TFR

Harold Nelson

Introduction: The Questions

In his talk, Hans Rosling noted that some population based outcomes had a general trend of improvement up to 2003. There was also a convergence.

We want to look past 2003 and see if these trends have continued.

Setup

library(tidyverse)
## ── Attaching packages ─────────────────────────────────────── tidyverse 1.3.2 ──
## ✔ ggplot2 3.3.6      ✔ purrr   0.3.4 
## ✔ tibble  3.1.8      ✔ dplyr   1.0.10
## ✔ tidyr   1.2.1      ✔ stringr 1.4.1 
## ✔ readr   2.1.2      ✔ forcats 0.5.2 
## ── Conflicts ────────────────────────────────────────── tidyverse_conflicts() ──
## ✖ dplyr::filter() masks stats::filter()
## ✖ dplyr::lag()    masks stats::lag()
library(janitor)
## 
## Attaching package: 'janitor'
## 
## The following objects are masked from 'package:stats':
## 
##     chisq.test, fisher.test
library(plotly)
## 
## Attaching package: 'plotly'
## 
## The following object is masked from 'package:ggplot2':
## 
##     last_plot
## 
## The following object is masked from 'package:stats':
## 
##     filter
## 
## The following object is masked from 'package:graphics':
## 
##     layout

Get Data

TFR <- read_csv("API_SP.DYN.TFRT.IN_DS2_en_csv_v2_4898766.csv", na = "empty", skip = 4) %>% 
  janitor::clean_names() 
## New names:
## • `` -> `...67`
## Warning: One or more parsing issues, see `problems()` for details
## Rows: 266 Columns: 67
## ── Column specification ────────────────────────────────────────────────────────
## Delimiter: ","
## chr  (4): Country Name, Country Code, Indicator Name, Indicator Code
## dbl (61): 1960, 1961, 1962, 1963, 1964, 1965, 1966, 1967, 1968, 1969, 1970, ...
## lgl  (2): 2021, ...67
## 
## ℹ Use `spec()` to retrieve the full column specification for this data.
## ℹ Specify the column types or set `show_col_types = FALSE` to quiet this message.

Pivot

We need year and TFR to be variables. How do we do this?

Solution

TFR_long = TFR %>% 
  pivot_longer(cols = x1960:x2021,
               names_to = "year",
               values_to = "TFR") %>% 
  select(country_name,country_code,year,TFR) %>% 
  mutate(year = parse_number(year)) %>% 
  filter(year < 2021)
glimpse(TFR_long)
## Rows: 16,226
## Columns: 4
## $ country_name <chr> "Aruba", "Aruba", "Aruba", "Aruba", "Aruba", "Aruba", "Ar…
## $ country_code <chr> "ABW", "ABW", "ABW", "ABW", "ABW", "ABW", "ABW", "ABW", "…
## $ year         <dbl> 1960, 1961, 1962, 1963, 1964, 1965, 1966, 1967, 1968, 196…
## $ TFR          <dbl> 4.820, 4.655, 4.471, 4.271, 4.059, 3.842, 3.625, 3.417, 3…

Scatterplot

Do a scatterplot using jitter of year and TFR. Keep only every fifth year.

Solution

TFR_long %>% 
  filter(year %in% c(1960,1970,1980,1990,2000,2010,2020)) %>% 
  ggplot(aes(year,TFR)) +
  geom_jitter(size = .2)
## Warning: Removed 115 rows containing missing values (geom_point).

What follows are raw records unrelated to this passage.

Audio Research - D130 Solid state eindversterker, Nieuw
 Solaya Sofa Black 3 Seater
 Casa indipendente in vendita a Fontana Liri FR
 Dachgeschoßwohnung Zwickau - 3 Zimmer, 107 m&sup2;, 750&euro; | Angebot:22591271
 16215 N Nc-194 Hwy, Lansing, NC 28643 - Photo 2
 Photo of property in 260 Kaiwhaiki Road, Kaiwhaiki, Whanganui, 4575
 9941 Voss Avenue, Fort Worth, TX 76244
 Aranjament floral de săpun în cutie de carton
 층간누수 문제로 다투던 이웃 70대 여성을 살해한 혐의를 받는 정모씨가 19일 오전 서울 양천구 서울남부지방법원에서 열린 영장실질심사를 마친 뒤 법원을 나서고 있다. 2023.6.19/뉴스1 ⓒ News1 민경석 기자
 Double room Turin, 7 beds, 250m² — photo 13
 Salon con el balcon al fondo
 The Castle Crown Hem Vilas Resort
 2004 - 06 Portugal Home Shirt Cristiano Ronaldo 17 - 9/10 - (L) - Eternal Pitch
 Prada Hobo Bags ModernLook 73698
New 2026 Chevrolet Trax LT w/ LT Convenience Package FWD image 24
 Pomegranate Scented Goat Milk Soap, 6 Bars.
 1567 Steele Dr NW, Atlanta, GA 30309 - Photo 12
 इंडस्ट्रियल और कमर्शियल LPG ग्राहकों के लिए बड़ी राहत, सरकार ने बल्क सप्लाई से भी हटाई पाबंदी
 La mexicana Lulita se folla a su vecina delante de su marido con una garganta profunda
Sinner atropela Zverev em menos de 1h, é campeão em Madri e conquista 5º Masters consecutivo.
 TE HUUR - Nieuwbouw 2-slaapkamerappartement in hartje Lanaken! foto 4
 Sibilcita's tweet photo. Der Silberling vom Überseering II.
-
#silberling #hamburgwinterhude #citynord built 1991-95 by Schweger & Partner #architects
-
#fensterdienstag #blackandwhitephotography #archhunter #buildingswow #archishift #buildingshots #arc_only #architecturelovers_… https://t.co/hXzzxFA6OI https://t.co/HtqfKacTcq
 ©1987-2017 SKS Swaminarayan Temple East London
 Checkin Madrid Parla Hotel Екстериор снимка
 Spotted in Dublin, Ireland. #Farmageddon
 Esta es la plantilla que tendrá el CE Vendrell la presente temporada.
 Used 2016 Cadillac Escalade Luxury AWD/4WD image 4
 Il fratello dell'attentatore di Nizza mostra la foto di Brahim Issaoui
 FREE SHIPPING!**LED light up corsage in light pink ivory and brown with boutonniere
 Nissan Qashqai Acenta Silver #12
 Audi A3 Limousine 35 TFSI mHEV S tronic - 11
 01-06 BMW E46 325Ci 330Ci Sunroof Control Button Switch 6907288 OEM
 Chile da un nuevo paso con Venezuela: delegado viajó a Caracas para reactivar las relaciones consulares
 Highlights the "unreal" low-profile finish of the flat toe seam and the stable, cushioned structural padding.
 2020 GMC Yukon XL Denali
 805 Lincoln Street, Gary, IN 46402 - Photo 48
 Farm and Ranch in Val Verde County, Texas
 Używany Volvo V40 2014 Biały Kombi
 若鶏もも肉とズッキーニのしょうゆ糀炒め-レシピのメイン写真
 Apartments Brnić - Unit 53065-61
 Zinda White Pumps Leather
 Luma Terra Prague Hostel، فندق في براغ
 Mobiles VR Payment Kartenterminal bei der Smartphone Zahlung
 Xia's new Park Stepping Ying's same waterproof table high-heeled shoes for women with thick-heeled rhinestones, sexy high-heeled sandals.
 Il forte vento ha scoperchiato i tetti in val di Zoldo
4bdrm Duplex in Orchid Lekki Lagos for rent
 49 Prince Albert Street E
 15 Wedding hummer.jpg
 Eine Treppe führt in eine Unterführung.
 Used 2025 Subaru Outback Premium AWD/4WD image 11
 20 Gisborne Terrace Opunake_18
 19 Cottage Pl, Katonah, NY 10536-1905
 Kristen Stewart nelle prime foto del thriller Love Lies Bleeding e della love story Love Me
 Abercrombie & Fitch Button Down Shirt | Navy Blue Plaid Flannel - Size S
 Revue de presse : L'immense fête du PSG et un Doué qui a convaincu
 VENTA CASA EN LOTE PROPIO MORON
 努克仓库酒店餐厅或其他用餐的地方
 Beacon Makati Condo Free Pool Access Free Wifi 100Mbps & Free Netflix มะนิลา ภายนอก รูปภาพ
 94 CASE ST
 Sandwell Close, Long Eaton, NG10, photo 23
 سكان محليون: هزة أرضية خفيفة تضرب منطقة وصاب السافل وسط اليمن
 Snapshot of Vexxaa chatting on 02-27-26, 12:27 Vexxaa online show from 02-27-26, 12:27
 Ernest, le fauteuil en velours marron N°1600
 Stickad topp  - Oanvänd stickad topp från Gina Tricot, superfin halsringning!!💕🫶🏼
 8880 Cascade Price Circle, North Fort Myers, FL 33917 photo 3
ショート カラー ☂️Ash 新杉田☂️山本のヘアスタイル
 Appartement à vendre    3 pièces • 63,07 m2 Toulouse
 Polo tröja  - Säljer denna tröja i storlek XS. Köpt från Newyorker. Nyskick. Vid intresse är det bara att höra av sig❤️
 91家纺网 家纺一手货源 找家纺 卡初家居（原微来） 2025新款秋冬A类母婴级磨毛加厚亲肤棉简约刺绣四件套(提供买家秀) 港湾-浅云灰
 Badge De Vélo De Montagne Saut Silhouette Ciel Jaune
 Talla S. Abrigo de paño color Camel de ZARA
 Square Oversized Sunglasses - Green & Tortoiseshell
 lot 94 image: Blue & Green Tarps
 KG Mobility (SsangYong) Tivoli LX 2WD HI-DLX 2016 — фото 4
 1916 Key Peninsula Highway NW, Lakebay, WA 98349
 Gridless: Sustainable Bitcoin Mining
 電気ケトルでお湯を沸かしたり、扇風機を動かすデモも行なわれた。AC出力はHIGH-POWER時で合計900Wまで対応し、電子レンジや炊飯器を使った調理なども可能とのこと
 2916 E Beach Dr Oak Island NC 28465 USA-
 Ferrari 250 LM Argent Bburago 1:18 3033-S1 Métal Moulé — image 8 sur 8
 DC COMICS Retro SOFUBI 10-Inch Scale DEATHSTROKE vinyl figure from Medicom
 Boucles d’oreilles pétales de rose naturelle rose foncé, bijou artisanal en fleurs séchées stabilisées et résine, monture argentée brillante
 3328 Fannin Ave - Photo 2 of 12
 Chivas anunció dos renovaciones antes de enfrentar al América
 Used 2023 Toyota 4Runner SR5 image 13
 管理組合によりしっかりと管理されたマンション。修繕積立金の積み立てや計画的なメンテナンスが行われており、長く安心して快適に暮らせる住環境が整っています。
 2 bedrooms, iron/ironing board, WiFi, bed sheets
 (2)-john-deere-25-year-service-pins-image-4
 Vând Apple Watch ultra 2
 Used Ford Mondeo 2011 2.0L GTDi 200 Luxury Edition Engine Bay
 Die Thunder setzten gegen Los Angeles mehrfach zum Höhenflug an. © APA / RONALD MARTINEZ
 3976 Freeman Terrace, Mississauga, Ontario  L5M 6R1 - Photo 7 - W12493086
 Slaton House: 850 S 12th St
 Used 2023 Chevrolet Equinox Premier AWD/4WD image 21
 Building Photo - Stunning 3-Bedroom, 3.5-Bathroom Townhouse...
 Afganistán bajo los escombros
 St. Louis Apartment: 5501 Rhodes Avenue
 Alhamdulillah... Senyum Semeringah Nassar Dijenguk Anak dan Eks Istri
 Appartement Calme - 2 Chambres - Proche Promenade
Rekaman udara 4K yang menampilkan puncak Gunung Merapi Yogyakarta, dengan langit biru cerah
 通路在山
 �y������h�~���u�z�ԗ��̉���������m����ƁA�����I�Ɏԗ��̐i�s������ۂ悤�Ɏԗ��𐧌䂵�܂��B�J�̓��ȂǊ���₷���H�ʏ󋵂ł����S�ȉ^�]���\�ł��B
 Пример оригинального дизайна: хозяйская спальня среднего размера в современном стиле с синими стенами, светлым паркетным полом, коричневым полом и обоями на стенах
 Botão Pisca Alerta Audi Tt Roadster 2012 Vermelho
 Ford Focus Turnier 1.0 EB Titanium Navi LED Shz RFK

Do we see improvement and convergence?

Post 2003

Repeat the graphic with post 2003 data. Use every year.

Solution

g = TFR_long %>% 
  filter(year > 2003) %>% 
  ggplot(aes(year,TFR,group = country_name)) +
  geom_jitter(size = .2)
ggplotly(g)

Summary Statistics

Create summary level variables such as mean and standard deviation for every year.

Solution

summary_level = TFR_long %>% 
  group_by(year) %>% 
  summarize(mean = mean(TFR,na.rm = T),
            sd = sd(TFR, na.rm = T),
            median = median(TFR,na.rm = T),
            max = max(TFR,na.rm = T),
            min = min(TFR,na.rm = T),
            range = max - min) 

Do a scatterplot of year and standard deviation.

Solution

summary_level %>% 
  ggplot(aes(x = year,y = sd)) +
  geom_point() + geom_smooth()
## `geom_smooth()` using method = 'loess' and formula 'y ~ x'

Do a scatterplot of year and mean.

summary_level %>% 
  ggplot(aes(x = year,y = mean)) +
  geom_point() + geom_smooth()
## `geom_smooth()` using method = 'loess' and formula 'y ~ x'

Examine Countries

Look at individual countries compare the range of values.

Solution

TFR_range = TFR_long %>% 
  group_by(country_name) %>% 
  summarize(max = max(TFR, na.rm = T),
            min = min(TFR,na.rm = T),
            range = max - min) %>% 
            filter(range > 0) %>% 
  arrange(range)
## Warning in max(TFR, na.rm = T): no non-missing arguments to max; returning -Inf

## Warning in max(TFR, na.rm = T): no non-missing arguments to max; returning -Inf

## Warning in max(TFR, na.rm = T): no non-missing arguments to max; returning -Inf

## Warning in max(TFR, na.rm = T): no non-missing arguments to max; returning -Inf

## Warning in max(TFR, na.rm = T): no non-missing arguments to max; returning -Inf

## Warning in max(TFR, na.rm = T): no non-missing arguments to max; returning -Inf
## Warning in min(TFR, na.rm = T): no non-missing arguments to min; returning Inf

## Warning in min(TFR, na.rm = T): no non-missing arguments to min; returning Inf

## Warning in min(TFR, na.rm = T): no non-missing arguments to min; returning Inf

## Warning in min(TFR, na.rm = T): no non-missing arguments to min; returning Inf

## Warning in min(TFR, na.rm = T): no non-missing arguments to min; returning Inf

## Warning in min(TFR, na.rm = T): no non-missing arguments to min; returning Inf

Compare Max and Range

Solution

g = TFR_range %>% 
  ggplot(aes(max, range,group = country_name)) +
  geom_point(size = .5)
ggplotly(g)

Filter and Look Again

Solution

g = TFR_range %>% 
  filter(range < 20) %>% 
  ggplot(aes(max, range,group = country_name)) +
  geom_point(size = .5)
ggplotly(g)

Save the Data

save(TFR_long,file = "TFR_long.Rdata")